--- WORK ITEM ---
Of the entries below, restate word for word only the section that runs from the line with "Another important thing" to the line with "Just like that", counting both ends.

--- INFORMATION GIVEN ---
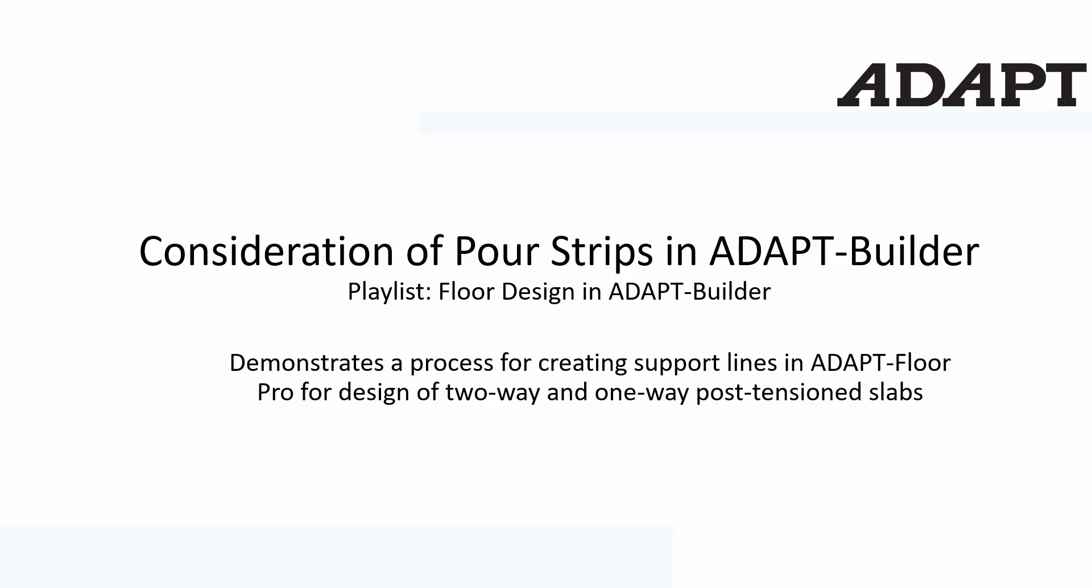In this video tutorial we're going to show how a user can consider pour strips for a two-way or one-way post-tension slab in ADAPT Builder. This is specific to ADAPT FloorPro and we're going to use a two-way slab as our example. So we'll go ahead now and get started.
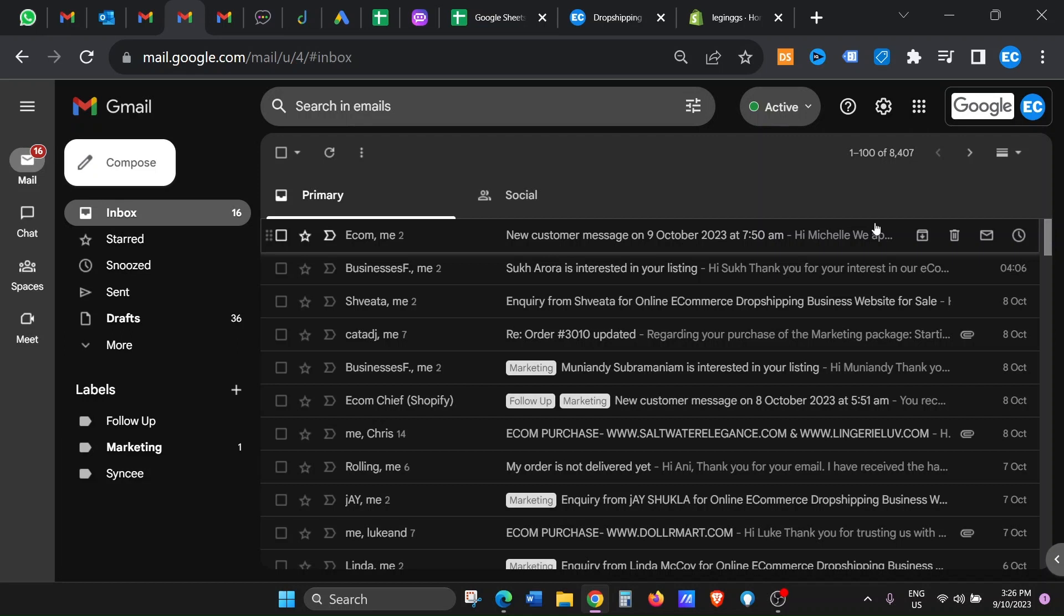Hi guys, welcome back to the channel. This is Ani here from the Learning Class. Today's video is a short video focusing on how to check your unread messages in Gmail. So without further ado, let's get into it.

...

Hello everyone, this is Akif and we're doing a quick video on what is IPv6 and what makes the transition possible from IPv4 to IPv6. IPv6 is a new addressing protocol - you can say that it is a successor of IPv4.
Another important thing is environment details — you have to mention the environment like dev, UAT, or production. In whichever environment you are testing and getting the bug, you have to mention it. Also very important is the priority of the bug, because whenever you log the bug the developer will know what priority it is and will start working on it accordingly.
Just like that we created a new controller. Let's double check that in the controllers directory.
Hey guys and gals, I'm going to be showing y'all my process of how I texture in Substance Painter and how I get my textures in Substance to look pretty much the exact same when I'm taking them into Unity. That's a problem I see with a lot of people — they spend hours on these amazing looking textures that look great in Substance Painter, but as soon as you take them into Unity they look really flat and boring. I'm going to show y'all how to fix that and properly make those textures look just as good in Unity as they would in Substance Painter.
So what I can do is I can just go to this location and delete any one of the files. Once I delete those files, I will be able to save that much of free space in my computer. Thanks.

--- SOLUTION FOR THIS EXERCISE ---
Another important thing is environment details — you have to mention the environment like dev, UAT, or production. In whichever environment you are testing and getting the bug, you have to mention it. Also very important is the priority of the bug, because whenever you log the bug the developer will know what priority it is and will start working on it accordingly.
Just like that we created a new controller. Let's double check that in the controllers directory.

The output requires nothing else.